No Ceasefire in DVD Format Battle
haja writes "The BBC reports that the high definition DVD format war will continue until a winner is declared. There is no sign of the two camps working on a unified format. Some believe the industry at large is being damaged by the war due to consumer confusion. From the article: 'Backers of Blu-ray are bullish and are predicting victory. Blu-ray has more backing from film studios and more makers of the players, but HD-DVD has sold equally well in the first year of release. But the Blu-ray camp believes a library of exclusive titles and the power of PlayStation 3 - which has an in-built Blu-ray player - will see the format pull ahead in the next 12 months. Mike Dunn, president of worldwide home entertainment for 20th Century Fox, said: "I really believe the format war is in its final phase."'"

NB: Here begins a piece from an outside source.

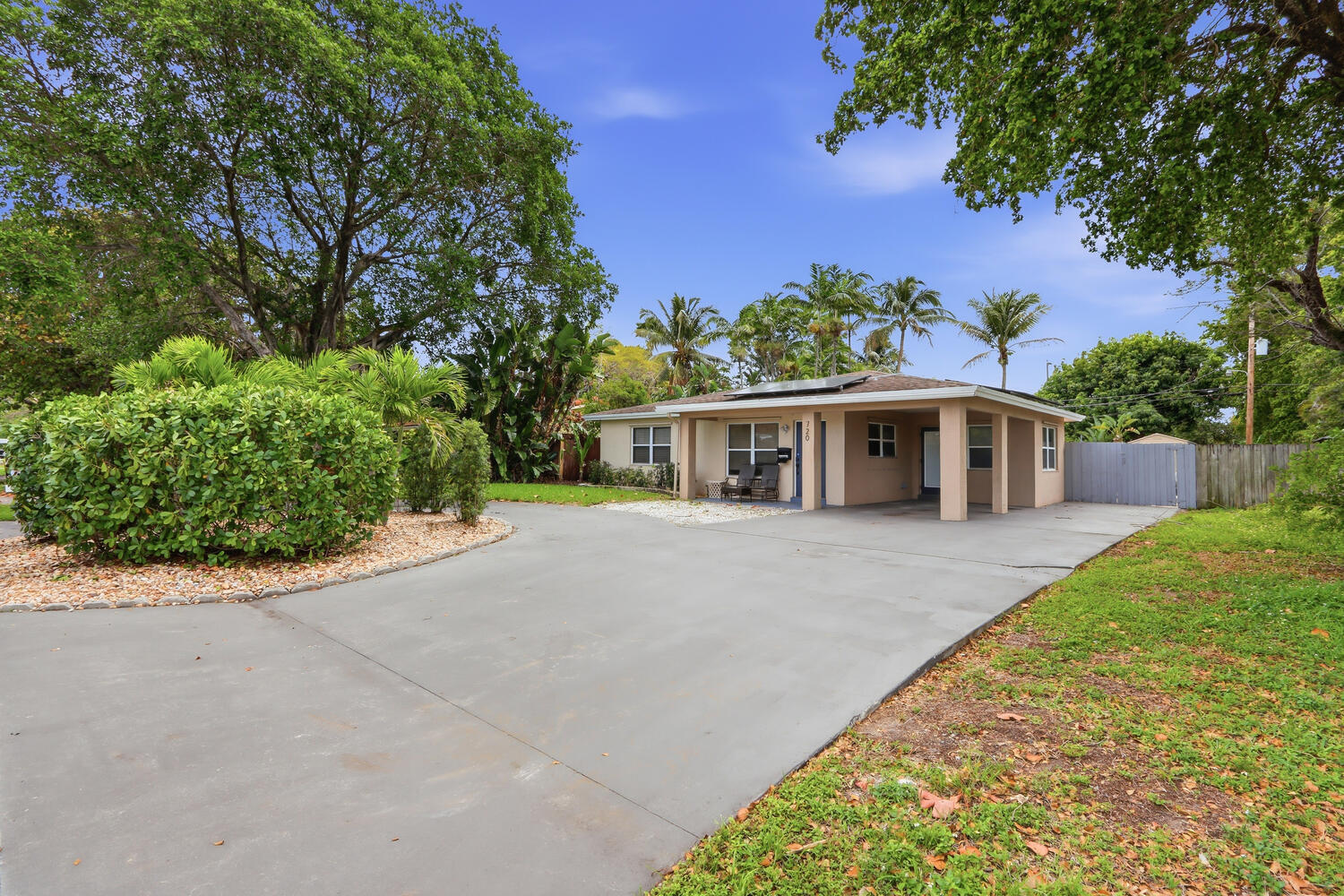 720 Northeast 7th Street Pompano Beach, FL 33060 - Photo 6 of 35 Front Exterior-005-017-1500x1000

"Lots of people" ?? Gee, that sounds like hard, scientific, evidence. I'm not a Sony defender by any means (still playing my 4 year old PS2 just fine), but to insinuate that XB360/HD-DVD as king's of the hill is a little premature. PS3 has only been available in very limited fashion for about 2 months. XB360 has been out for how a while and still lags behind the old PS2 in sales. The high-end XB360 is $400. Tack on the cost of the HD-DVD and you are probably gonna spend over $600, same as you would for a PS3.
Neither HD-DVD or Blu-Ray really excite me much now, at least as a video medium. DVDs in progressive scan on a high-quality bigscreen TV look pretty damn good to my tired old eyes. HiDef discs might be nice, but not enough to justify the change, at least not for a couple of years.
Oh, if you _do_ need them on all the time, look for something like the Western Digital Caviar special edition drives, which have a 3 year warranty, or SCSI drives, whose warranties go up to 5 years. Standard consumer drives come with a mere 1 year warranty, and there's a good reason why...
Source for the last statement?
Seagate consumer drives come with a mere 5 year warranty, and there's something that directly refutes your point.